Junior Member
Posts: 4
Karma: 10
Join Date: Feb 2011
Device: Sony PRS-505
|
Further thoughts on scanning
Further thoughts on book scanning.
It was Bob Russell's fine piece on the Optic Book 3600+ which got me started. Now I am trying to carry the flag.
Forgive me, but I don't have Bob's computing skills to present this in the same style as he.
I have a collection of pbooks which I decided to digitise (0r is that digitalise?) as an aid to exercise my brain on the path to old age. One gets fed up with crosswords and Sudoku.
I bought my 3600+ last year and to date have produced 38 ebooks, as ePub.
I have become unhappy with my output, as their appearance on my reader (PRS505) is not yet as good as the store-bought ebooks I have. (You have to have standards)
For some reason I wanted to justify my expenditure and thought I should produce 100 books each year and set about it. Now I have revised that aim to 60 quality books per year.
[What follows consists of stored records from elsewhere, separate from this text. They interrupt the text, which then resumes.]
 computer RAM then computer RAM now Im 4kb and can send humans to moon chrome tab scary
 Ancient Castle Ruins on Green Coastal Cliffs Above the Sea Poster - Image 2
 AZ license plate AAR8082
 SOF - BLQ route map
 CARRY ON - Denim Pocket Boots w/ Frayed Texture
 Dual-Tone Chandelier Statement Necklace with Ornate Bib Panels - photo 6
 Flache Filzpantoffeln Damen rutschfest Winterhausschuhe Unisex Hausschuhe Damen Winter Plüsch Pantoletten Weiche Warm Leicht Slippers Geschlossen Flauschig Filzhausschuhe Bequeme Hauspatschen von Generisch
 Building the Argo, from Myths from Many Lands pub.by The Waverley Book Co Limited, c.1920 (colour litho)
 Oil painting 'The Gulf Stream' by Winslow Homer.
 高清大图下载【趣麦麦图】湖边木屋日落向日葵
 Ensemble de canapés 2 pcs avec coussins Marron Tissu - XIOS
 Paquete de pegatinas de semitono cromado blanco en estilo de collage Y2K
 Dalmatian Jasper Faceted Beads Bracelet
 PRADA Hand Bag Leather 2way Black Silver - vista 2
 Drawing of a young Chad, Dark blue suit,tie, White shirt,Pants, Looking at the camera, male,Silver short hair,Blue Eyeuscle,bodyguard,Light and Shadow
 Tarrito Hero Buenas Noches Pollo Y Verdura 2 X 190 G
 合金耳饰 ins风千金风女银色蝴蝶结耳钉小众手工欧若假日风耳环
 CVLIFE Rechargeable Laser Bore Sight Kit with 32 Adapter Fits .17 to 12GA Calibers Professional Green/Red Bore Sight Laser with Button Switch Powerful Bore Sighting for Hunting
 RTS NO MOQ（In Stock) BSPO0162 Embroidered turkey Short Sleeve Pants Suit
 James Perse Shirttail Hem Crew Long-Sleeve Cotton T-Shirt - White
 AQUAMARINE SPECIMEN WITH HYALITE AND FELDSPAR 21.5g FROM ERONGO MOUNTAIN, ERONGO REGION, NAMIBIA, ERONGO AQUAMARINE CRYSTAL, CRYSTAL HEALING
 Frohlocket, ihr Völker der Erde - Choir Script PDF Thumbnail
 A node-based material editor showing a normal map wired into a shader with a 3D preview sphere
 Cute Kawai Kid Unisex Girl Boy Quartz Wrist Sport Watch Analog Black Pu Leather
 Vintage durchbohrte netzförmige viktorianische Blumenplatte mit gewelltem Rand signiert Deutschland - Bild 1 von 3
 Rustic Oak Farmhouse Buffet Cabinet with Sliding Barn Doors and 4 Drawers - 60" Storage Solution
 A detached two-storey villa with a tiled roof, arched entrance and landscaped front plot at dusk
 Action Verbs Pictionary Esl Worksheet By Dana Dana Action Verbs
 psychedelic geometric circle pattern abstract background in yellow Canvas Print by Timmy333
To achieve that quality I must learn more skills in the programs I am using to edit and finish my books. As I have no experience in the word-smithing professions, WordPad is as much as I ever needed. I will be producing a plea for help after finishing this.
The report!
Phase 1
I unpacked and set up the 3600 (Why does that remind me of a Harry Potter movie) according to Bob's instructions. The only difference , In my experience, was that the carriage lock/unlock was glaringly obvious. A spring-loaded peg within the base of the device IS the lock.
Peg in - unlocked, Peg out - locked. A slide on the base of the device can fix the lock on or fix the lock off.
Leave the peg to move as it may, the device will be unlocked when placed on a flat surface and the moving parts locked when it is lifted.
Sitting, staring at the scanner, I thought of all the information I had gathered while dredging the Forums to develop a plan of work.
My first thought was:- WHAT IS A BOOK?
My books are novels only! No pdfs, no images. no tables, the sort of book one picks up when passing through an airport and are good enough to keep and read again and again. No text books, I am beyond studying (If I want to know something important, I can ask my wife - she knows everything!)
What will be the end product?:- I decided on ePub, with Calibre one size fits all.
What approach to use?:- K.I.S.S., R.T.F.M., Practice,Practice,Practice.
What text editing program to use?:- Open Office is the best I can afford.
What shall I do next?:- Get stuck in!!
Phase 2 Scanning:-
Set up DigiBook according to Bob. Selected grey scale, page image, rotate on even numbers, all of that, booktitle.
I chose a large hardback novel 450+ pages (for an auspicious beginning) present page 1, press button, lift and turn book present page 2 -is upside down on platen- press button, zip, it appears on screen right way up. Great.
Carry on doing this for two and a half hours -easy? Not really
The blurb says No Spine Shadow, just lay it on the platen. not exactly true! One must hold the spine quite firmly - It becomes quite very tiring. I should have chosen a much smaller book to start with.
The worst type of book to scan is the omnibus type edition, very thick, tightly bound, narrow spine side margins. This needs a lot of push and shove. Relax and it will spring out!
Nevertheless I achieved the desired result.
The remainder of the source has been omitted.